In order to ensure a simplified and minimal API, the haldensify
package
exposes only a limited set of functions: (1) the haldensify()
function, which
facilitates the estimation of conditional (or marginal) densities as described
above, and (2) the ipw_shift()
function, which implements nonparametric IPW
estimators of the causal effect of an additive modified treatment policy. As IPW
estimators require estimation of the generalized propensity score as an
intermediate (nuisance) step, this latter function internally calls the former;
moreover, the ipw_shift()
function and the various selectors to which it
provides access (e.g., selector_gcv()
for estimator selection based on
"global" cross-validation) have been studied from a theoretical-methodological
perspective in @hejazi2022efficient. The haldensify()
function is complemented
by appropriate predict()
and plot()
methods, the former to allow for the
estimated conditional density to be evaluated at new values of the variable of
interest and its conditioning set and the latter to visualize the resultant
estimators along the regularization trajectory. The ipw_shift()
function is
accompanied by a corresponding confint()
method to easily generate confidence
intervals around the IPW point estimates. The S3 classes returned by both of
these functions have custom print()
methods to allow for their results to be
easily inspected. Several internal utility functions, including, for example,
cv_haldensify()
, map_hazard_to_density()
, and selector_dcar()
, implement
core aspects of the conditional density estimation and nonparametric IPW
estimation methodology.
Future software development efforts will be focused primarily along two avenues:
(1) improving the computational aspects of the conditional density estimation
procedure, possibly to include random sampling from the internally generated
repeated measures dataset, and (2) further adjustments to the undersmoothing
estimator selection strategies implemented for nonparametric IPW estimation, to
be based on future methodological progress. Software maintenance efforts will
focus on ensuring that the package remains compatible with future versions of
the hal9001
package [@coyle2022hal9001-rpkg; @hejazi2020hal9001-joss].

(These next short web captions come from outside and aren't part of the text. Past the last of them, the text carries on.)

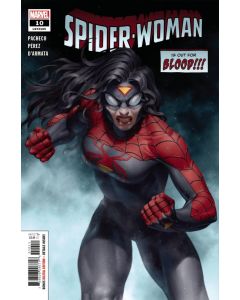 Spider-Woman (2020) #  10 (9.0-VFNM)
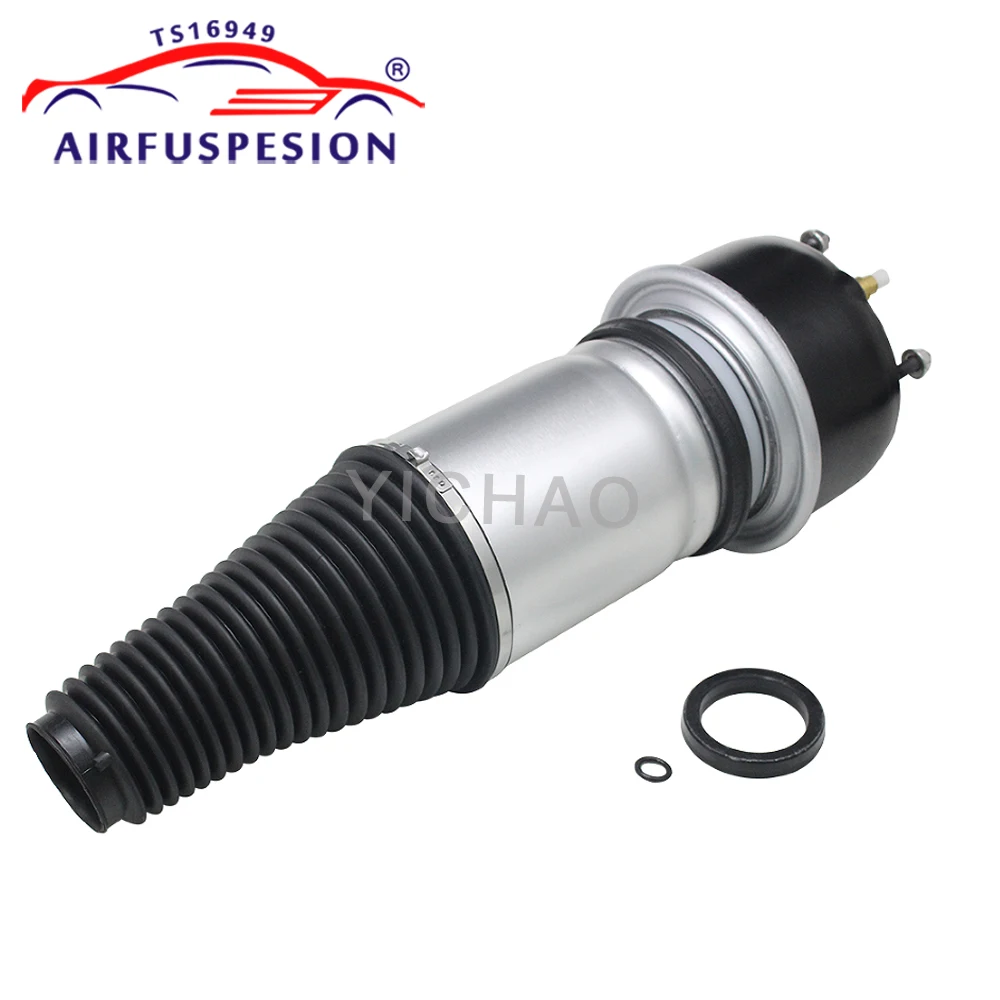 1PC Rear Air Suspension Shock Absorber Spring Bag For Jaguar XJ XJ8 XJR X350 X358 C2C41346 C2C41344 C2C41340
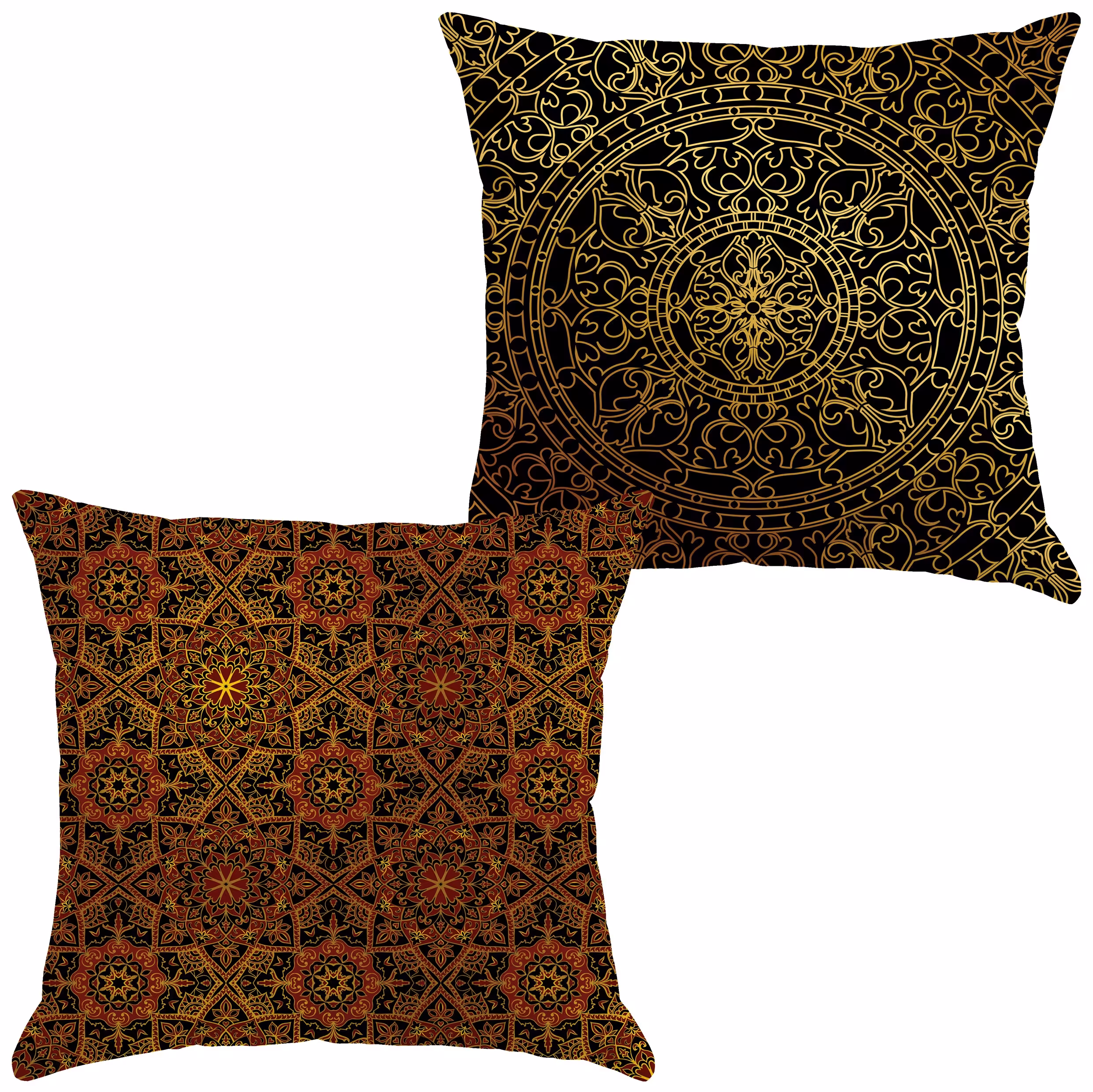 کوسن مخصوص مبل صندلی راحتی نشیمن جفتی سایز 33 در 33 مدل S22-73-145 شرکت رنس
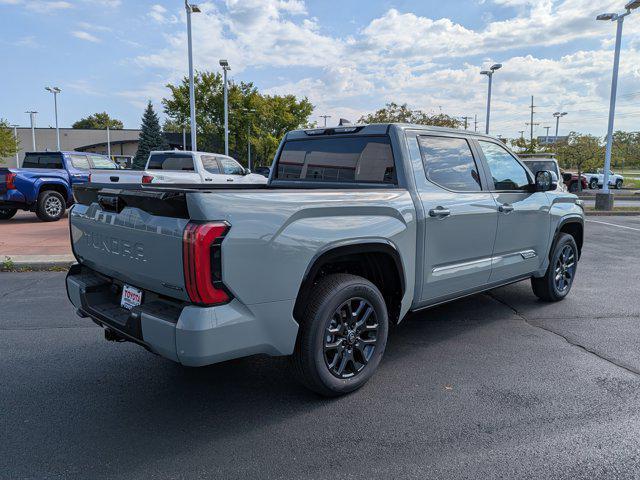 new 2026 Toyota Tundra Hybrid car, priced at $70,295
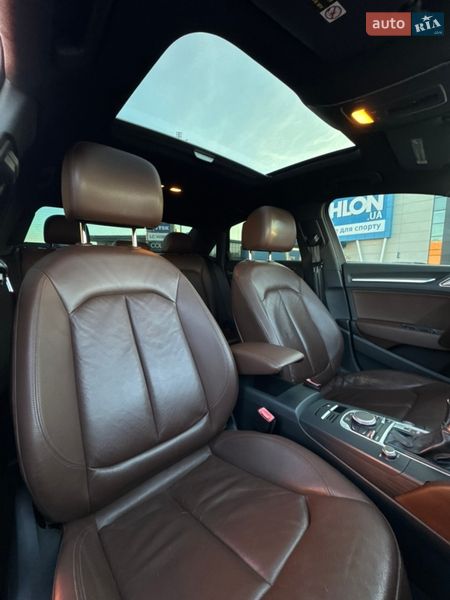 Седан Audi A3 2015 в Києві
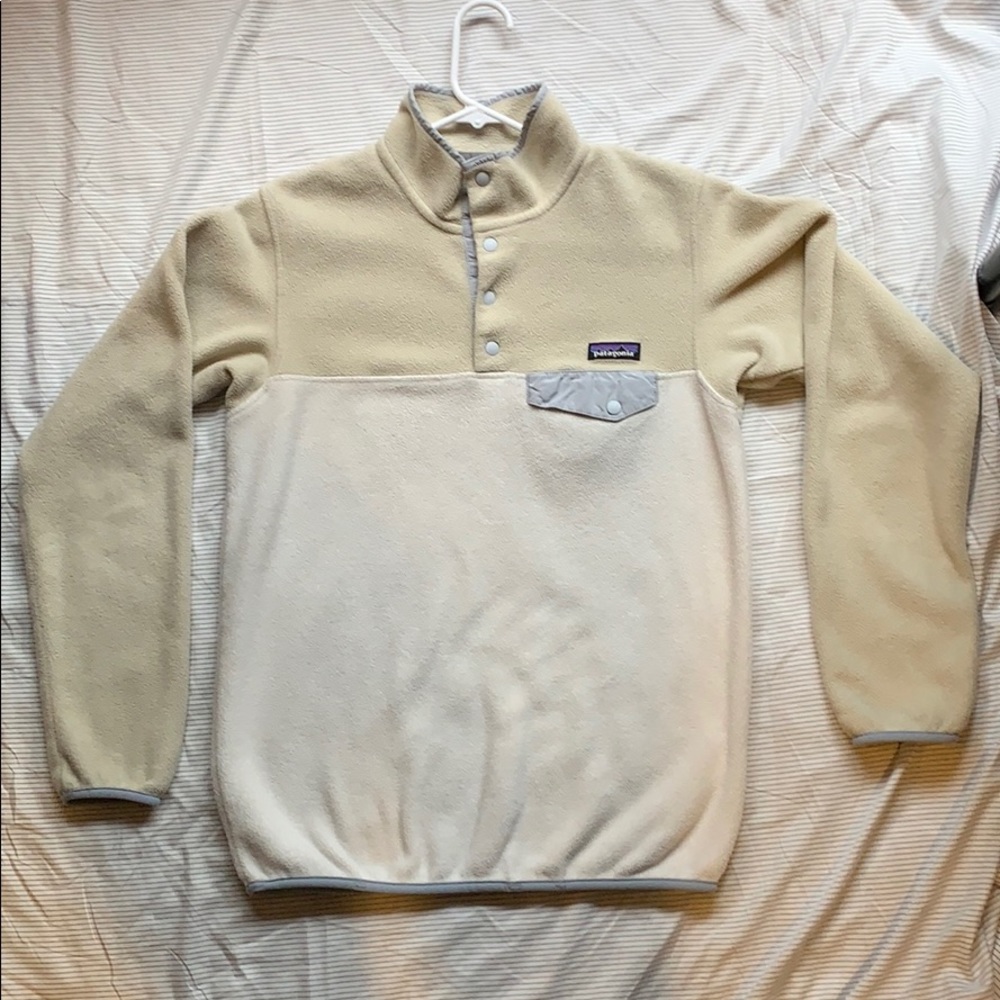 Patagonia Synchilla Snap-T Fleece Pullover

Currently, stable releases of the haldensify
package are made available via
the Comprehensive R
Archive Network [CRAN, @R] at
https://CRAN.R-project.org/package=haldensify, while development efforts are
carried out on the package's version-controlled repository, publicly hosted at
https://github.com/nhejazi/haldensify. To date (mid-September 2022), CRAN
records indicate that haldensify
has been downloaded over 14,400 times.
NSH's contributions to this work were supported in part by a grant from the National Science Foundation (award number DMS 2102840).